[THE DATA — start]

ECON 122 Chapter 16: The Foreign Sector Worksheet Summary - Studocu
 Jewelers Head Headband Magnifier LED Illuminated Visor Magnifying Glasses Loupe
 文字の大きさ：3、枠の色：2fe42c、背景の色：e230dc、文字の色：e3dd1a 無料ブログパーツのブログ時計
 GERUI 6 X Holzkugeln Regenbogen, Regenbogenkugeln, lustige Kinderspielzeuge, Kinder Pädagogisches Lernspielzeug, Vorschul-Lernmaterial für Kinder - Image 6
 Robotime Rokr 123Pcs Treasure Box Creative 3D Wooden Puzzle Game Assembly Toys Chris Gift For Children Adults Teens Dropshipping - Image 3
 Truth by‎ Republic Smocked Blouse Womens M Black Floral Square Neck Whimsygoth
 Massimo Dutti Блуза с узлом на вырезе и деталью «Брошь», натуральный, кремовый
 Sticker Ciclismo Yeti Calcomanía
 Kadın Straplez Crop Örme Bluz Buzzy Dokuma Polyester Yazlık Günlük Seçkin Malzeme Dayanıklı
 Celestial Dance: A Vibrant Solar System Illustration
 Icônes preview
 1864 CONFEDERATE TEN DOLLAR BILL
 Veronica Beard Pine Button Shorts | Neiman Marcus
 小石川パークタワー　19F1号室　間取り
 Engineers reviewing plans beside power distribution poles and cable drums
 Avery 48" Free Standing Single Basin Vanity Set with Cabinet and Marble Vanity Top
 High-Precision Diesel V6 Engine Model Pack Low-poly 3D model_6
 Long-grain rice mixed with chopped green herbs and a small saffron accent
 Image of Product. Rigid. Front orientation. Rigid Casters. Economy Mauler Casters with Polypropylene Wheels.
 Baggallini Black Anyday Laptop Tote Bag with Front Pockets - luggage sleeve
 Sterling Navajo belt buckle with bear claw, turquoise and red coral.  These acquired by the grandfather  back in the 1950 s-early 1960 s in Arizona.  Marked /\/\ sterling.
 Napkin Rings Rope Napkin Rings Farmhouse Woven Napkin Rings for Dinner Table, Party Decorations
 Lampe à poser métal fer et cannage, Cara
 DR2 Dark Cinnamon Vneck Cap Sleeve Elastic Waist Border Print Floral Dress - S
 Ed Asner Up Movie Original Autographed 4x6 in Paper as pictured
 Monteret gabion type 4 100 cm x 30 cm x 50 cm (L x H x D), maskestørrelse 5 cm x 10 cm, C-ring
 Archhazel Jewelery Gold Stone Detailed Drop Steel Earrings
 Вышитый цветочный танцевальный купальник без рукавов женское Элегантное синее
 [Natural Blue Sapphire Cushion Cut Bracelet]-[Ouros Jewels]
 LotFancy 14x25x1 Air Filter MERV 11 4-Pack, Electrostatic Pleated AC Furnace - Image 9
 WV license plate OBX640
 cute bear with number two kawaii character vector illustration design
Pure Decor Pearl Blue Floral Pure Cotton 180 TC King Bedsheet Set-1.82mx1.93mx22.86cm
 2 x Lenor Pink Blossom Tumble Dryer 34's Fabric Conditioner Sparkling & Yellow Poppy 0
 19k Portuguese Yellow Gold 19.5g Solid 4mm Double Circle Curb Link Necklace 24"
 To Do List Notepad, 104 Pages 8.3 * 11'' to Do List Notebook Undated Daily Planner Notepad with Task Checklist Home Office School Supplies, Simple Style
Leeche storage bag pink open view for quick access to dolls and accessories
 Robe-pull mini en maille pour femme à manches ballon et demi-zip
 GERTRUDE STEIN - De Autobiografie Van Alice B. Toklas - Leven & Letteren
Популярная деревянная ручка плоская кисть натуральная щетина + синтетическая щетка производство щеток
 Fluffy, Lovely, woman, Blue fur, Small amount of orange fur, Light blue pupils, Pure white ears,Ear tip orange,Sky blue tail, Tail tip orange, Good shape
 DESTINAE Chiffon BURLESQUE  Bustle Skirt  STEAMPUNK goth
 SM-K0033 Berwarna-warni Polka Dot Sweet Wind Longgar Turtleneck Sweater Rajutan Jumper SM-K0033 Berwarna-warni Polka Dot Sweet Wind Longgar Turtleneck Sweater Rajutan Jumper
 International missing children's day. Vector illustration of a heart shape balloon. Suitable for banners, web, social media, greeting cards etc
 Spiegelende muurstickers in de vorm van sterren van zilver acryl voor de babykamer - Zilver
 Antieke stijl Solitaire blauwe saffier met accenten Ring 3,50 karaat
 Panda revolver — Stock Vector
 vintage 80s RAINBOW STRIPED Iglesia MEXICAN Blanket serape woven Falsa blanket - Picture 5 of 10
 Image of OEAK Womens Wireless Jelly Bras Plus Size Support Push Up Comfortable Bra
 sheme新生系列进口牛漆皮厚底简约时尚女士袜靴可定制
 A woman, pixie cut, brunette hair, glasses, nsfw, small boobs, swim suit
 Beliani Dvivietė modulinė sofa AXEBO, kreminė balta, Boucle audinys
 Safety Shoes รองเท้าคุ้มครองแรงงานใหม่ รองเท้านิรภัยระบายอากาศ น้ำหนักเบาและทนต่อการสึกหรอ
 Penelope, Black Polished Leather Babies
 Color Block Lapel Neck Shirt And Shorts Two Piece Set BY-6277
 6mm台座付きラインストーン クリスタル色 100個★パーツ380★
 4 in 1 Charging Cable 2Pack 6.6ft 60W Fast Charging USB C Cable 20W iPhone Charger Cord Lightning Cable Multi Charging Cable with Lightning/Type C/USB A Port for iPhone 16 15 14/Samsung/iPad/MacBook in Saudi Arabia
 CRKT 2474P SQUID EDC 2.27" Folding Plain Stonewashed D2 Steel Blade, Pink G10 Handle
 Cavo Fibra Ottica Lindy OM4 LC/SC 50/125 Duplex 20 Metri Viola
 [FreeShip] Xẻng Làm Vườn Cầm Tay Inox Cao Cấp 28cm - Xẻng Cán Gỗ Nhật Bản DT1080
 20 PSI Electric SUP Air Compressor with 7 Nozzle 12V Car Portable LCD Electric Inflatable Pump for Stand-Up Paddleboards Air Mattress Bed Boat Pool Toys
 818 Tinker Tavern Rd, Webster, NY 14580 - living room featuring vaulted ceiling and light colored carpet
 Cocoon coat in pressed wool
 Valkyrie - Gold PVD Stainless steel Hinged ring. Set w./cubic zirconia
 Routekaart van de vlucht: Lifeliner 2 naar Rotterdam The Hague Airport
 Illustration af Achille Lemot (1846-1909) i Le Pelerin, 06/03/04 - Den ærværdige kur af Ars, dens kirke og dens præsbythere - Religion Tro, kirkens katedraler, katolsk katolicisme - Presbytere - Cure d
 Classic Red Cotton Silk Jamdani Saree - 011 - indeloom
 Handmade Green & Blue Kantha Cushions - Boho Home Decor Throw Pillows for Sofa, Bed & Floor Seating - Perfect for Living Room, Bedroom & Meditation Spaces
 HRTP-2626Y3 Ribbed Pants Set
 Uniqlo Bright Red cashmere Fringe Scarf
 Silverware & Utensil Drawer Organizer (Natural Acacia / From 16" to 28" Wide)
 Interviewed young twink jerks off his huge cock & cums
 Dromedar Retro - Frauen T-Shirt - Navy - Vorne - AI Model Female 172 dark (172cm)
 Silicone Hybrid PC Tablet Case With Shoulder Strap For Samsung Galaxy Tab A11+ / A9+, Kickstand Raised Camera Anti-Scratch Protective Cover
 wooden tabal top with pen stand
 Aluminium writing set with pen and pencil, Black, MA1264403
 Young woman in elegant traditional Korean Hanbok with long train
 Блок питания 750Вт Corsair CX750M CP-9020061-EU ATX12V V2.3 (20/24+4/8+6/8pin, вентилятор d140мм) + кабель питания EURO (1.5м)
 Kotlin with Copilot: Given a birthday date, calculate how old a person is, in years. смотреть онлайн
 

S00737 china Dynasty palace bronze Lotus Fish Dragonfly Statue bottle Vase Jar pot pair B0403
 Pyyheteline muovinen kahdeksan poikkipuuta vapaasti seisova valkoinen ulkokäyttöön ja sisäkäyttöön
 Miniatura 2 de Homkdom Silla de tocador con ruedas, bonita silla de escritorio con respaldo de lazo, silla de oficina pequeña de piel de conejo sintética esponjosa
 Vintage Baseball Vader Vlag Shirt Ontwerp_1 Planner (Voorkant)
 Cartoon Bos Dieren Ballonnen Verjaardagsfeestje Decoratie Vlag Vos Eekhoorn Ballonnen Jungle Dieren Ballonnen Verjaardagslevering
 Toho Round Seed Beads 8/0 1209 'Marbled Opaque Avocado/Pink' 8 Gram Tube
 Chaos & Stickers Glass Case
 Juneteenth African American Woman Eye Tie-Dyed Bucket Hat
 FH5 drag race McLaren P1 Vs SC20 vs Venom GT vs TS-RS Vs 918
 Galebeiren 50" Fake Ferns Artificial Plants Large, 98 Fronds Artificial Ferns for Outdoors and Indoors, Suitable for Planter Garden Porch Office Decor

[THE DATA — finish]

● EXERCISE:
All lines in the data above from the one with "20 PSI Electric" through the one with "Cartoon Bos Dieren" must be repeated exactly, and no others.

● ANSWER BOX:
 20 PSI Electric SUP Air Compressor with 7 Nozzle 12V Car Portable LCD Electric Inflatable Pump for Stand-Up Paddleboards Air Mattress Bed Boat Pool Toys
 818 Tinker Tavern Rd, Webster, NY 14580 - living room featuring vaulted ceiling and light colored carpet
 Cocoon coat in pressed wool
 Valkyrie - Gold PVD Stainless steel Hinged ring. Set w./cubic zirconia
 Routekaart van de vlucht: Lifeliner 2 naar Rotterdam The Hague Airport
 Illustration af Achille Lemot (1846-1909) i Le Pelerin, 06/03/04 - Den ærværdige kur af Ars, dens kirke og dens præsbythere - Religion Tro, kirkens katedraler, katolsk katolicisme - Presbytere - Cure d
 Classic Red Cotton Silk Jamdani Saree - 011 - indeloom
 Handmade Green & Blue Kantha Cushions - Boho Home Decor Throw Pillows for Sofa, Bed & Floor Seating - Perfect for Living Room, Bedroom & Meditation Spaces
 HRTP-2626Y3 Ribbed Pants Set
 Uniqlo Bright Red cashmere Fringe Scarf
 Silverware & Utensil Drawer Organizer (Natural Acacia / From 16" to 28" Wide)
 Interviewed young twink jerks off his huge cock & cums
 Dromedar Retro - Frauen T-Shirt - Navy - Vorne - AI Model Female 172 dark (172cm)
 Silicone Hybrid PC Tablet Case With Shoulder Strap For Samsung Galaxy Tab A11+ / A9+, Kickstand Raised Camera Anti-Scratch Protective Cover
 wooden tabal top with pen stand
 Aluminium writing set with pen and pencil, Black, MA1264403
 Young woman in elegant traditional Korean Hanbok with long train
 Блок питания 750Вт Corsair CX750M CP-9020061-EU ATX12V V2.3 (20/24+4/8+6/8pin, вентилятор d140мм) + кабель питания EURO (1.5м)
 Kotlin with Copilot: Given a birthday date, calculate how old a person is, in years. смотреть онлайн
 

S00737 china Dynasty palace bronze Lotus Fish Dragonfly Statue bottle Vase Jar pot pair B0403
 Pyyheteline muovinen kahdeksan poikkipuuta vapaasti seisova valkoinen ulkokäyttöön ja sisäkäyttöön
 Miniatura 2 de Homkdom Silla de tocador con ruedas, bonita silla de escritorio con respaldo de lazo, silla de oficina pequeña de piel de conejo sintética esponjosa
 Vintage Baseball Vader Vlag Shirt Ontwerp_1 Planner (Voorkant)
 Cartoon Bos Dieren Ballonnen Verjaardagsfeestje Decoratie Vlag Vos Eekhoorn Ballonnen Jungle Dieren Ballonnen Verjaardagslevering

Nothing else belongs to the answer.